給電対象が満充電になったらモバイルバッテリーからの電源供給をストップする、というのがオートパワーオフ機能の動作です。

流れる電流量を監視して、ある一定の電流量より多いか少ないかでオートパワーオフを作動させるかどうかを判断しています。しかし、その存在が困る場合もあるのです。

僕が調べたモバイルバッテリーは、80mA以上かつそれが3秒以上続かないとオートパワーオフ機能を動作させる作りになっていました。

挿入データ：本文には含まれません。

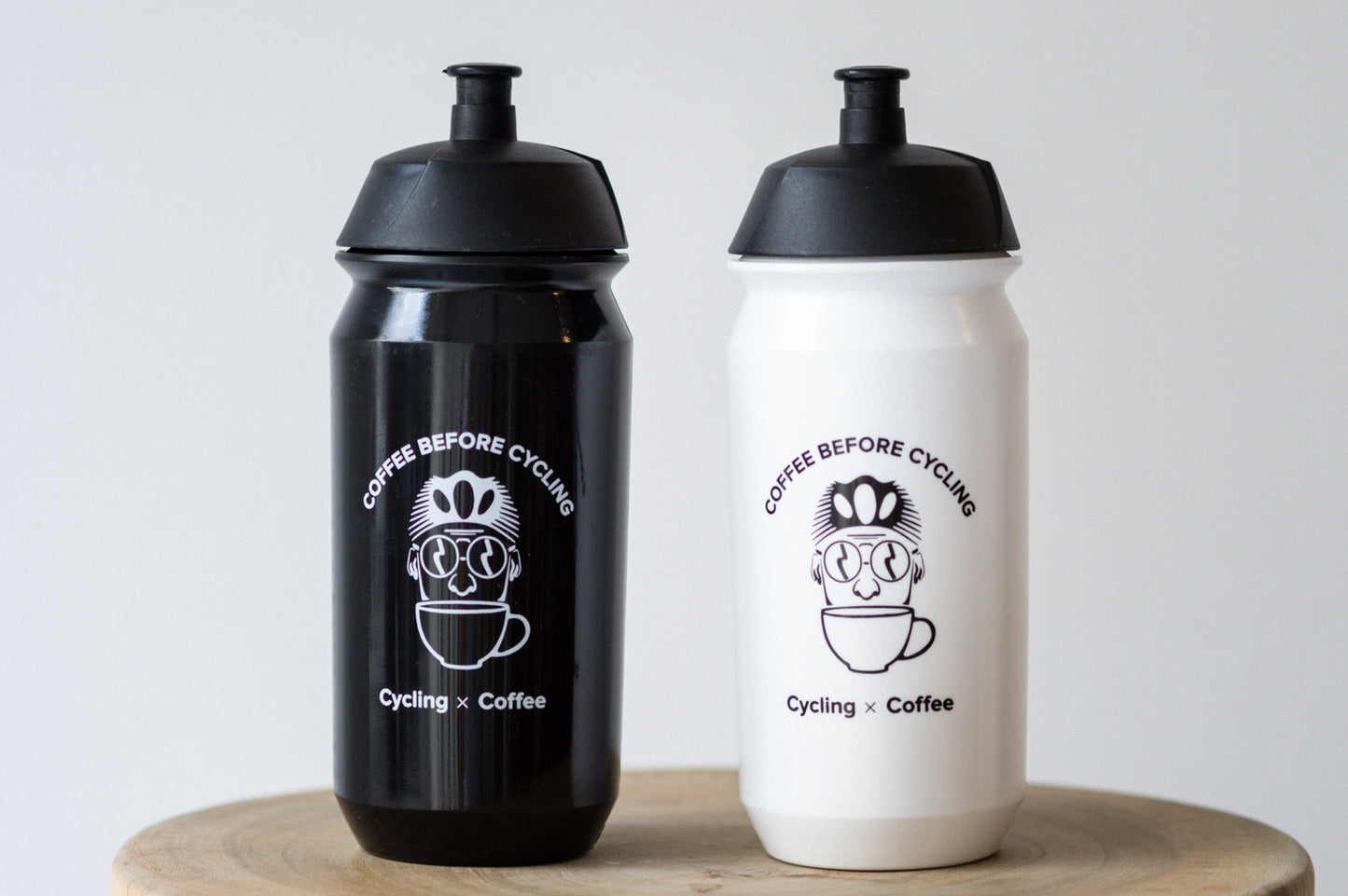 Coffee Before Cycling Bio Waterbottle Black / White 500ml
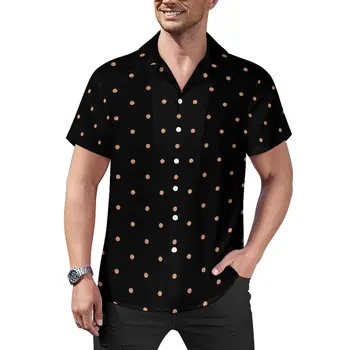 Праздничная рубашка в золотой горошек, гавайские повседневные рубашки с ретро-принтом, мужские Трендовые блузки, Дизайнерская одежда с коротким рукавом, Большой размер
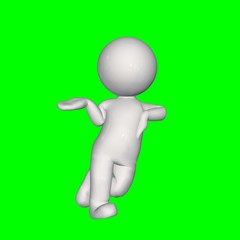 3D people - lean 2 - green screen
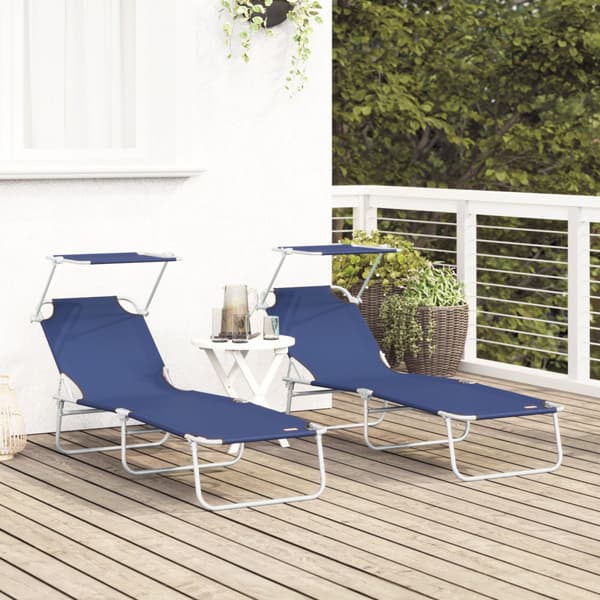 Solstol 2 pcs Blå 58 x 188 x 77cm Polyester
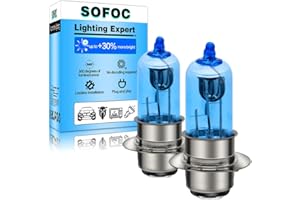 SOFOC P15D-25-1 Ampoule H6M 1 Broche 12V 35W Blanche Moto Scooter Phares Code Croisement Double Contact Plaque Frontale Motocyclette 2Pcs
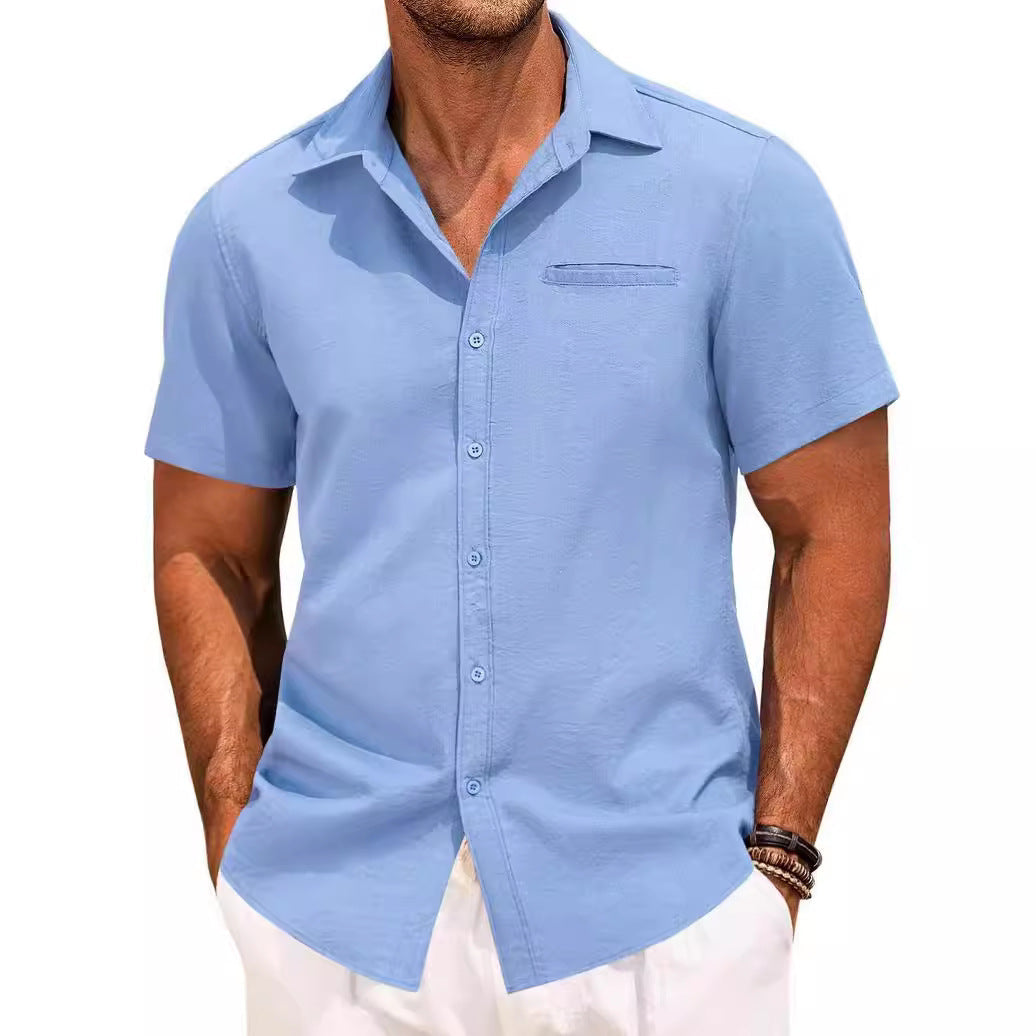 Carson - Chemise à manches courtes confortable avec boutons pour hommes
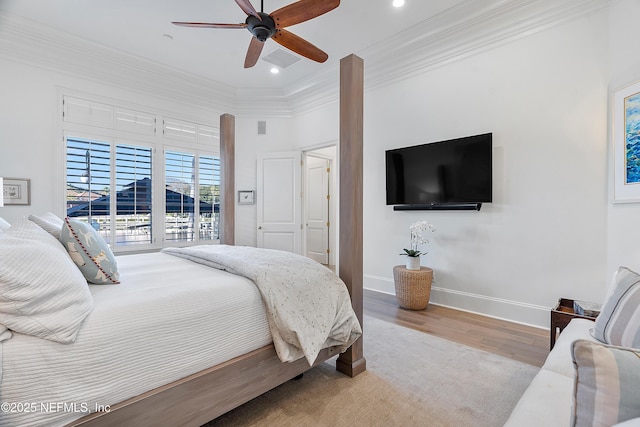 112 Harbourmaster Ct, Ponte Vedra Beach, FL 32082 - bedroom featuring ornamental molding, wood finished floors, ceiling fan, and recessed lighting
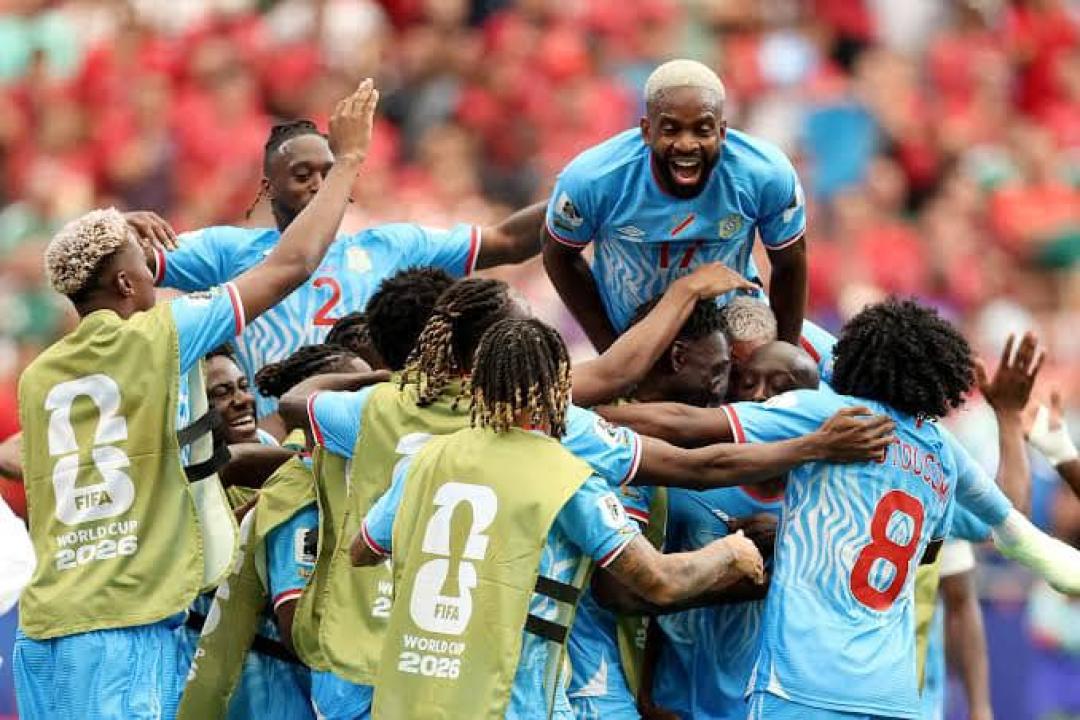 Les Léopards célébrant le but égalisateur de la RDC face au Portugal, le 17 juin 2026 dernier à Houston.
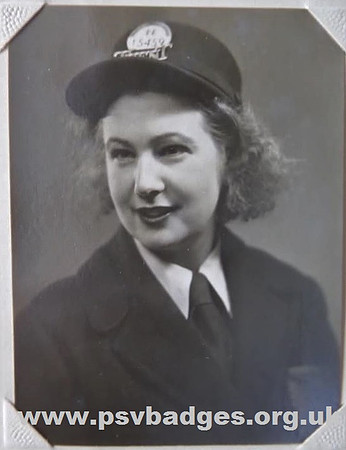 EE 15459 Trent Motor Traction Co. Conductress Thelma Topliss. The practise of wearing the PSV Badge on the cap is evident. © Tim Cox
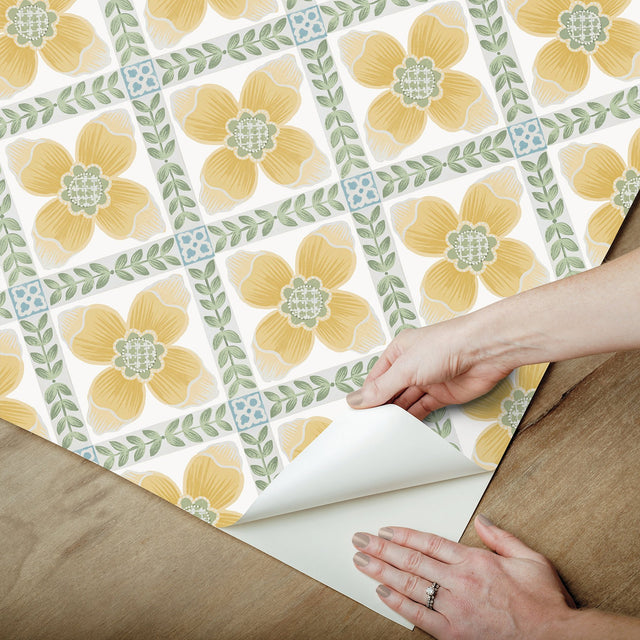 Mimi Yellow Quilted Floral Peel & Stick Wallpaper with Farmhouse Floral Pattern - York PSW1585RL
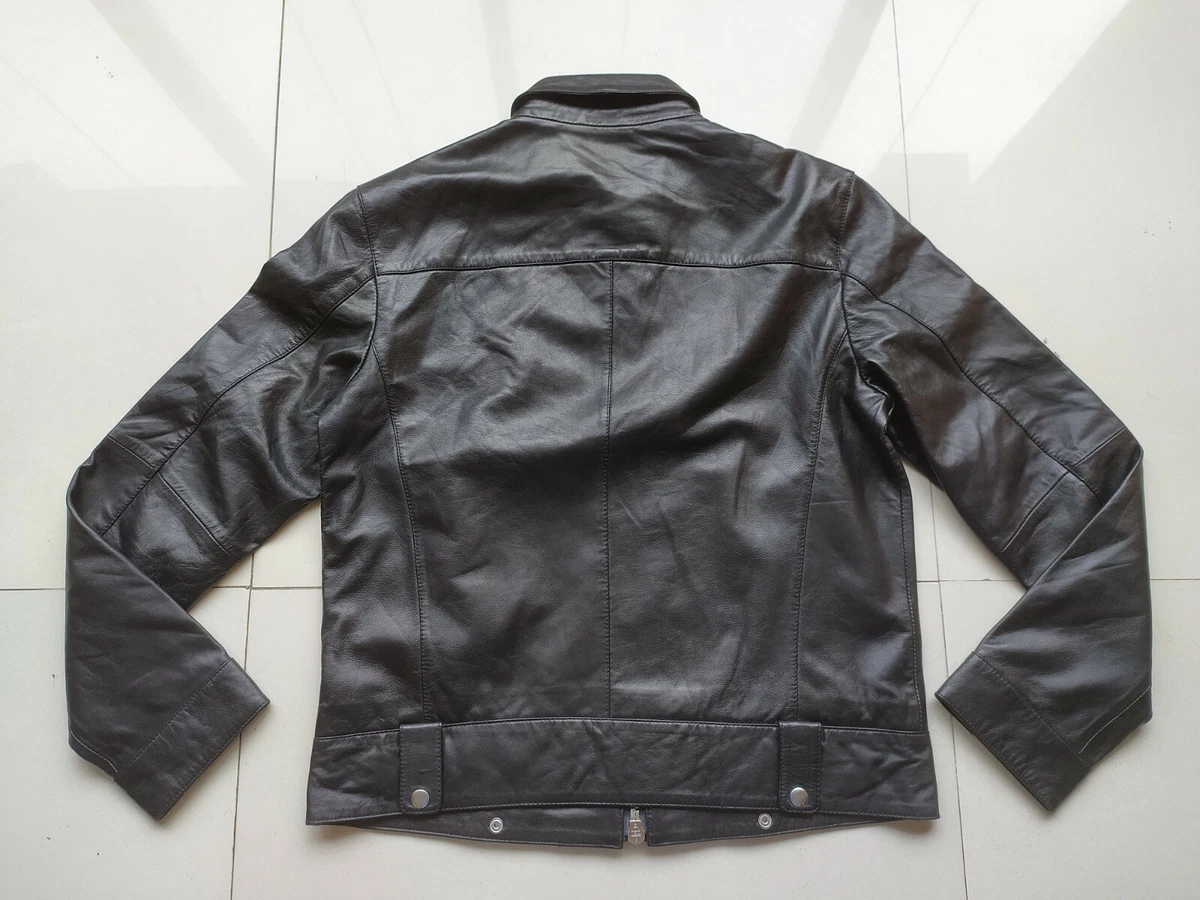 JOHN VARVATOS Marley Zip front Leather Jacket 735 GLOBAL SHIPPING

以下の動画は、LEDが消費する電流が20mA〜30mAと少なくて、オートパワーオフ機能が不本意に動作してしまっている様子です。

しきい値以下の電流しか必要としない回路をオートパワーオフ機能搭載のモバイルバッテリーで動かそうとすると、モバイルバッテリーが電源供給を止めてしまうのです。

電流量の多寡に応じて動作するオートパワーオフ機能を持たない「【IoT機器対応】cheero CANVAS 3200mAh」

今回登場の「【IoT機器対応】cheero CANVAS 3200mAh」は、電流量に伴って動作するオートパワーオフ機能をあえて持たないモバイルバッテリー。

ベースモデル「cheero CANVAS 3200mAh」と基本スペックは変わらず、外装の塗装と、オートパワーオフの動作のみを変更したものになっています。電流が微弱でもオートパワーオフが動作しないため、マイコンなどの電源として使うことができます。ブレッドボード用の電源としても、最適ですね。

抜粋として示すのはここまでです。